I dedicate my Gérard Rubaud Miche to MC.

(I wish that it could be transported across the Pacific Ocean to reach the other shore.)

 

It was one of those soulful Van Morrison nights.  The music in my tea room could not be any louder; any louder, the gods of silent teapots would have protested.  John Donne was in the air.  Van Morrison, my muse, dreamt of this miche for me.... 

 

               

 

                                                                                                   

 

I have neglected my teapots for the longest time now.  They have not been polished for ... dare I reveal ... a year?  Sounds criminal.  Just as well, with all that flour coming out of the surface of the miche, do I need to bother dusting my teapot stands?

 

Gérard Rubaud starter (re-sized to 2% of his formula as recounted HERE in MC's blog; my figures are for a final dough yield of 1.9 kg, you are welcome to half my quantity again)

First build

  • 6 g ripe stiff starter (at this quantity, any starter you've got going is fine, preferably not liquid starter)
  • 8 g water
  • 14 g flour (2 g WW, 1 g spelt, 1 g rye, and 10 g plain flour)

Note: Gérard Rubaud's starter hydration averages 55.5%.  The main thrust of his starter is three refreshes and built with the same flour compositions as for his final dough; ie. 30% whole grains flours (60% wheat, 30% spelt, and 10% rye) and 70% all-purpose flour.

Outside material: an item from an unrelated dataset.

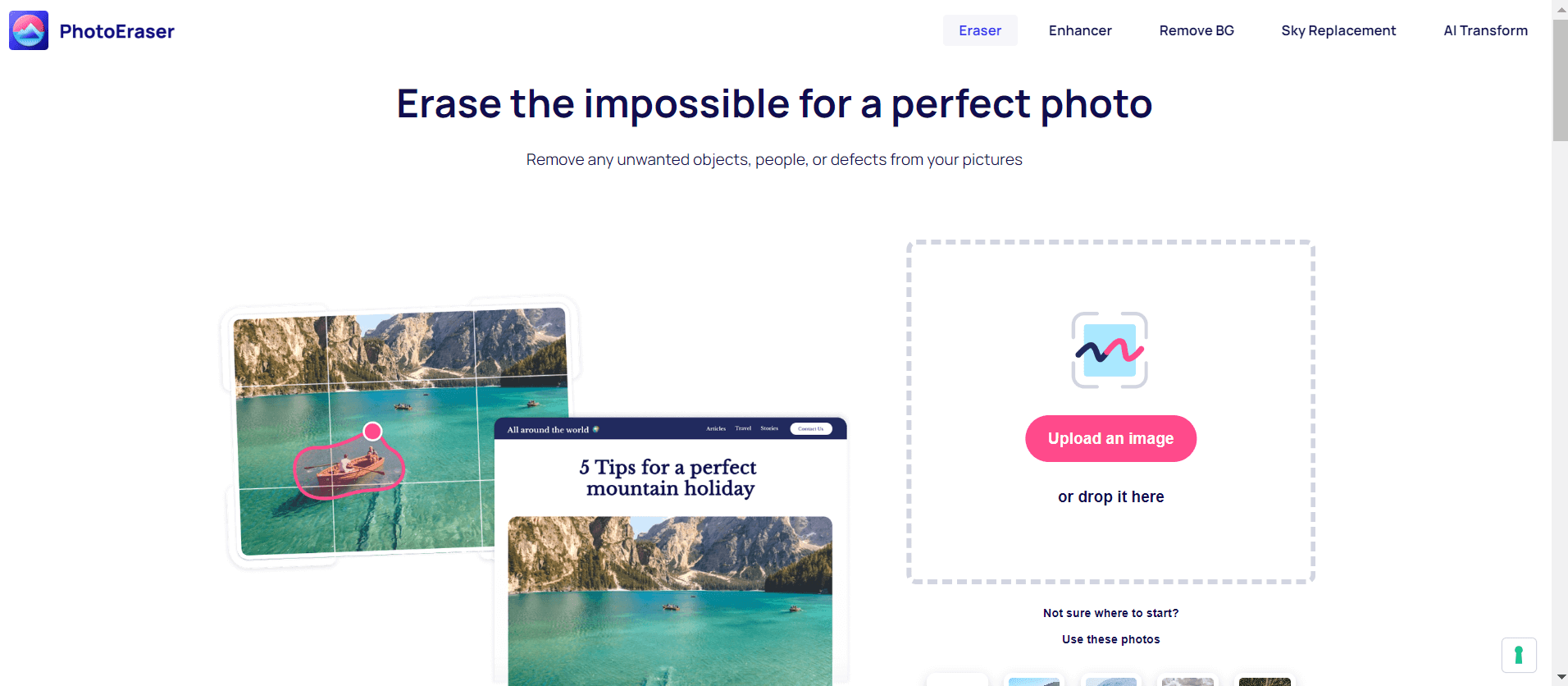 Photo Eraser Screenshots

At 30 degree C, this build took 10 1/2 hours for me (overnight temperature might have dropped to 24 - 25 degree C in my kitchen).

Second build

  • 28 g starter (from the first build above)
  • 16 g water
  • 30 g flour (5 g WW, 3 g spelt, 1 g rye, and 21 g plain flour)

At 30 degree C, this build took 6 hours for me..

Third build

  • 74 g starter (from the second build above)
  • 56 g water
  • 100 g flour (18 g WW, 9 g spelt, 3 g rye, and 70 g plain)

Note:  Watch your starter fermentation carefully, depending on your room temperatures.  As flour (fresh food) is not even 1.5 times the starter, it is very easy to over-ferment at this stage.  It was not an issue for the previous two builds as the yeast adjusted to the new flour compositions and began its activity slowly.  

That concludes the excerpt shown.